From A Tree Full Of Angels
My morning stroll has taken me farther than I had intended. Sauntering up the hill, wading through the autumn leaves, I breathe in the crisp morning air. It is just dawn. Standing still for a moment, I see the first rays of sunlight shimmering through a silver maple tree. It is truly a moment of wonder, resplendent with light. I stand gazing as one in the midst of a vision. Suddenly I am uncertain whether those golden arms swaying in the morning sunlight are tree branches or angel wings. Such shining I find overpowering. My wondering heart is filled with joy.
And then in a twinkling I’m certain.

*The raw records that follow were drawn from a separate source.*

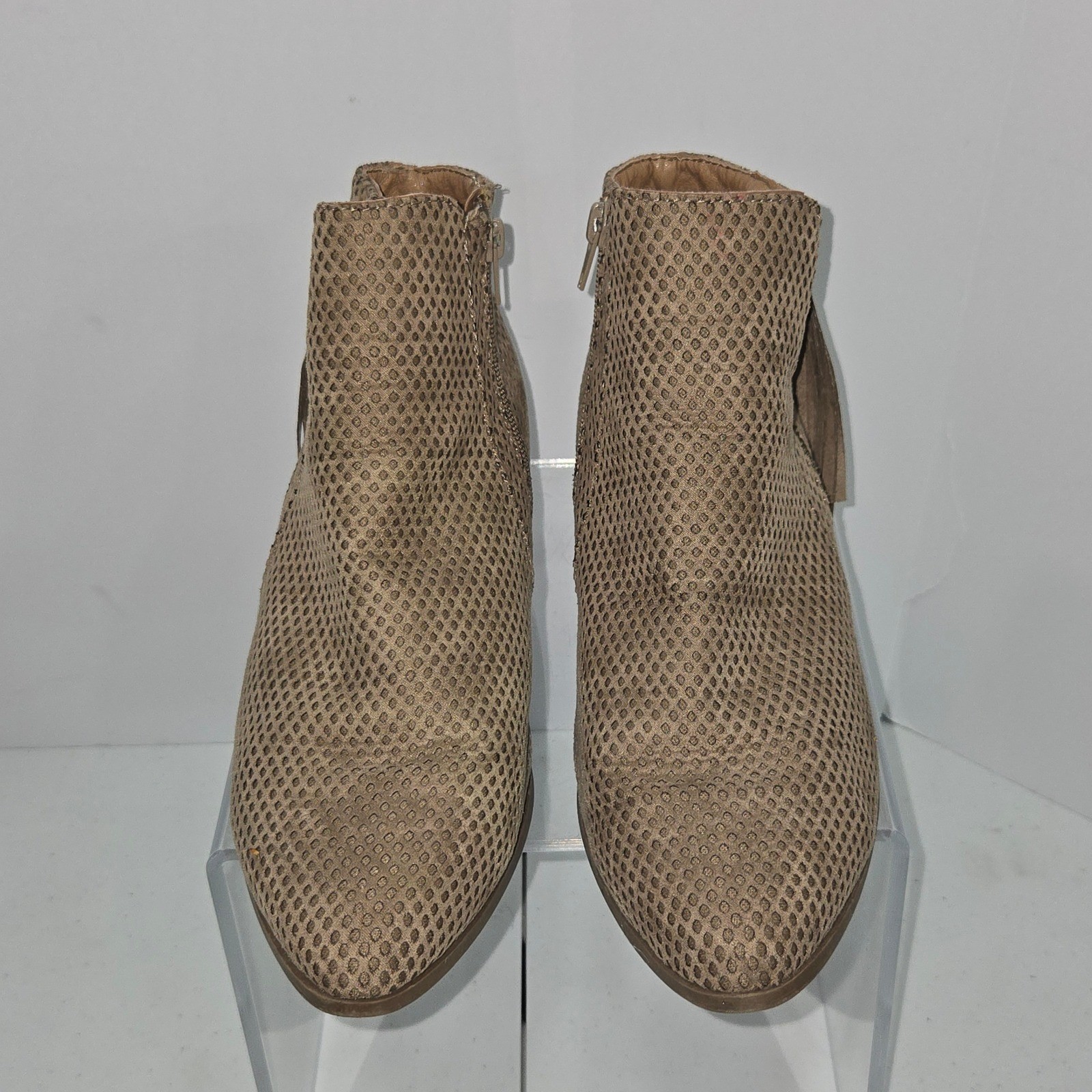 JustFab Leighton Tan Perforated Tassel Ankle Booties Womens Size 9 Pointed Toe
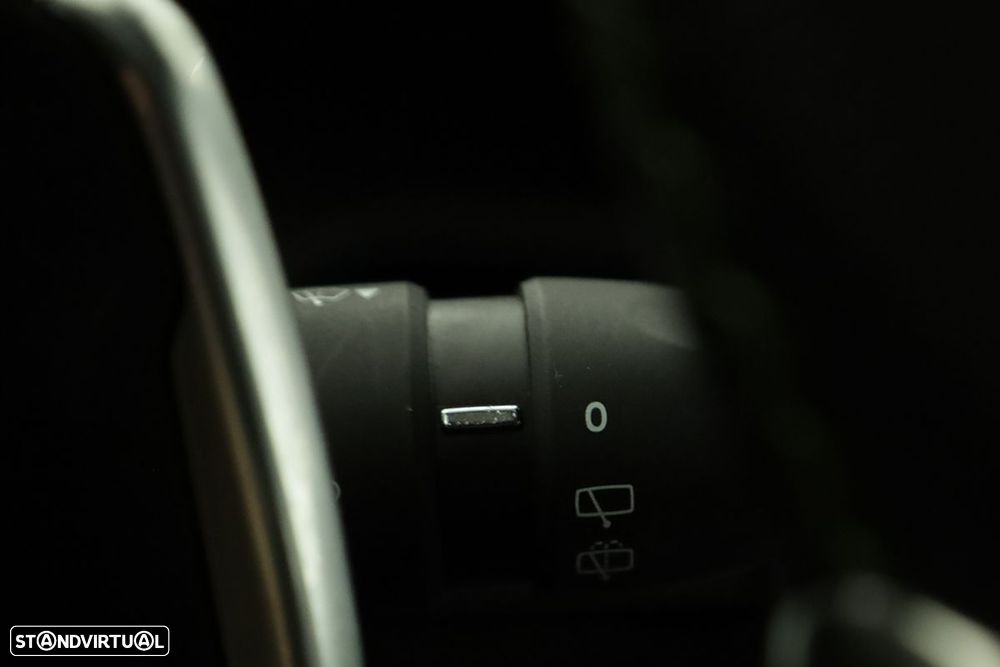 Peugeot 2008 1.2 PureTech GT EAT8 - 19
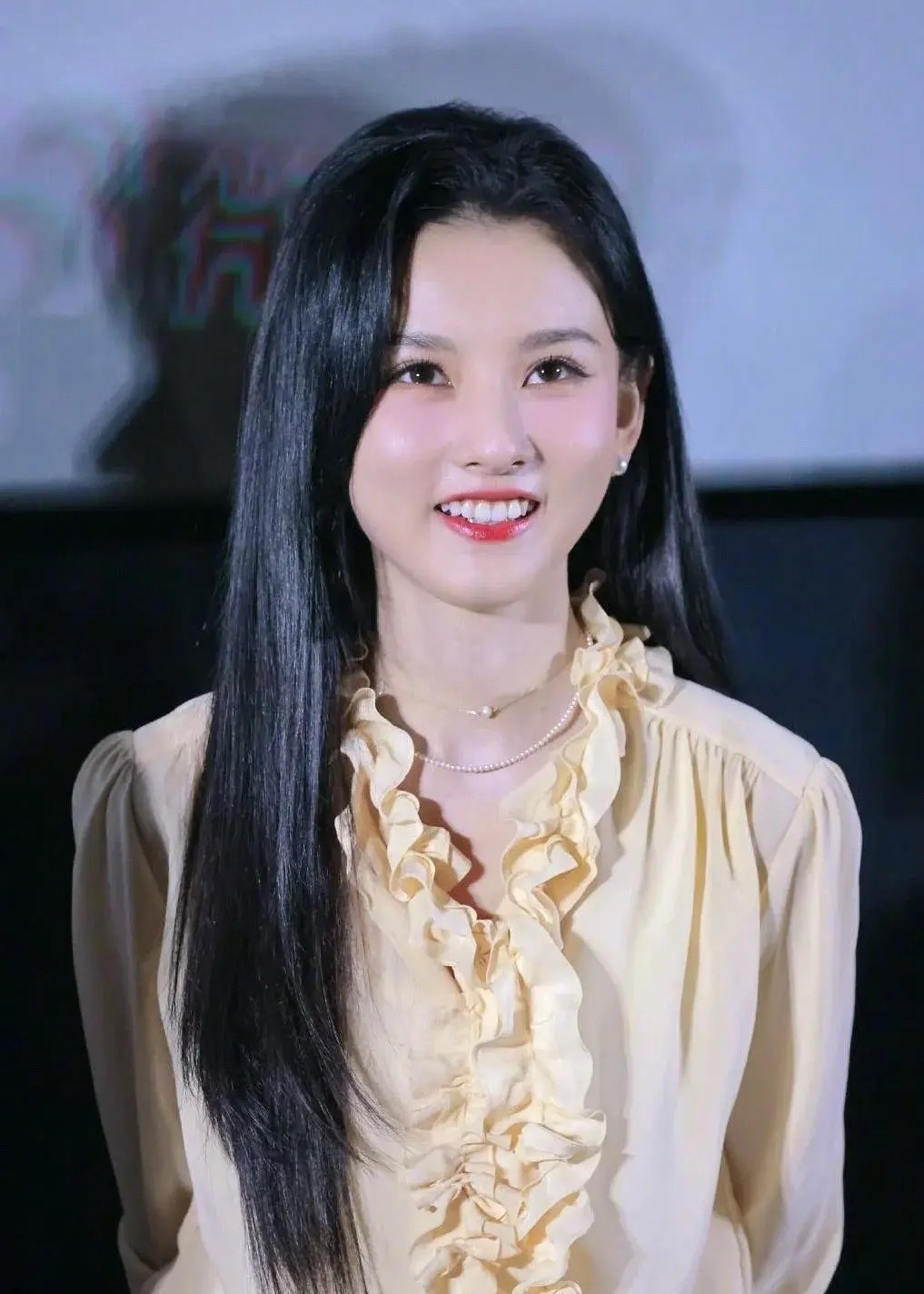 宋祖儿瘦了之后气质完全不一样了，有点不敢认了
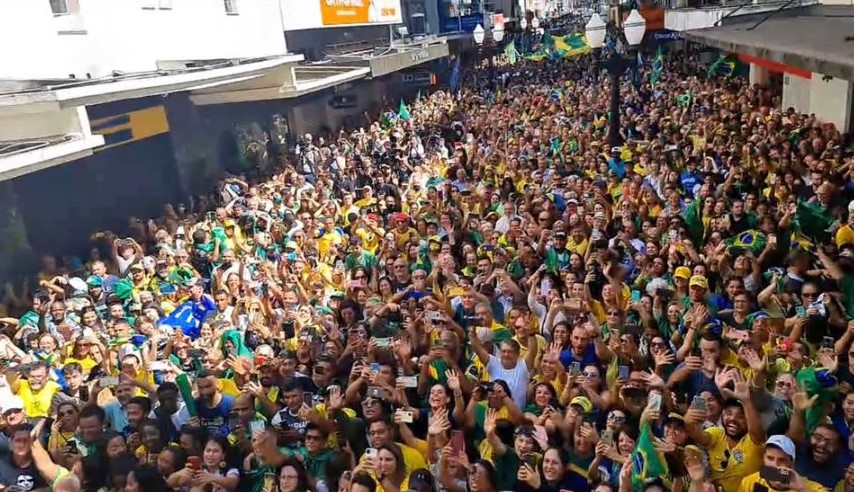 Bolsonaro volta a local da facada, reúne multidão e diz que eleição é luta do “bem contra o mal”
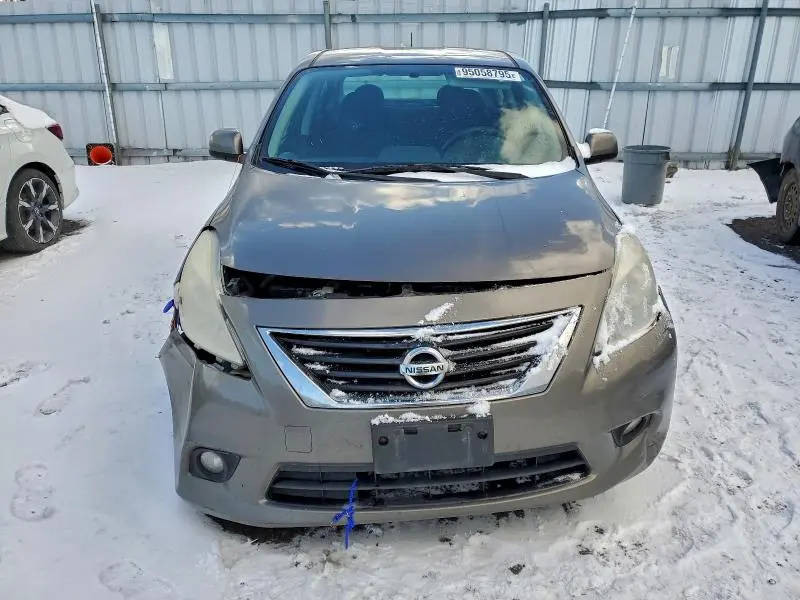2014 NISSAN VERSA S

I am standing before a tree full of angels dazzling me with their glorious presence. Bright wings of fire all aglow. Such beauty! Celestial bodies trembling in the trees! Trembling in awe over the beauty of a world that I take for granted. A tree bespangled with glory! Radiant Light! Angel wings, like stars, glistening in every branch. It’s gold and silver everywhere I look.
So what do I do? What do I do with this vision that Heaven has blessed me with? If I am an adult I keep very quiet about this vision, carefully guarding my reputation. I tell no one. If I am a child, or if I have a child’s heart, I cannot contain the vision. I shout it from the rooftops. I say, “Listen, everybody! I saw a tree full of angels shining like stars in the night.”
Can you not believe this? Come now, don’t be a cynic. Your heart was made for deep things. Your entire being was designed for visions. But if you cannot believe, you are not alone in your unbelief. William Blake’s father had some difficulty, too.
It happened to William Blake once when he was rambling over the hills of Dulwich. Being yet a mere child he was not inhibited about his vision and ran quickly to tell his parents the joyful tidings. “I saw a tree filled with angels.” His father was about to punish him for telling lies. But his mother, whose heart was less divided and so more able to see to the depths of things, saved him. She rescued him from his father’s blindness.
It is so like adults not to be able to tell the difference between a vision and a mirage.
Artists are those who have visions. There is something of the artist in each of us. Artists have hungry eyes and hungry hearts, and on some days when they are purifying their eyes and hearts for deeper seeing, they choose to have hungry stomachs as well. Fasting empties them so that they can see the truth more clearly.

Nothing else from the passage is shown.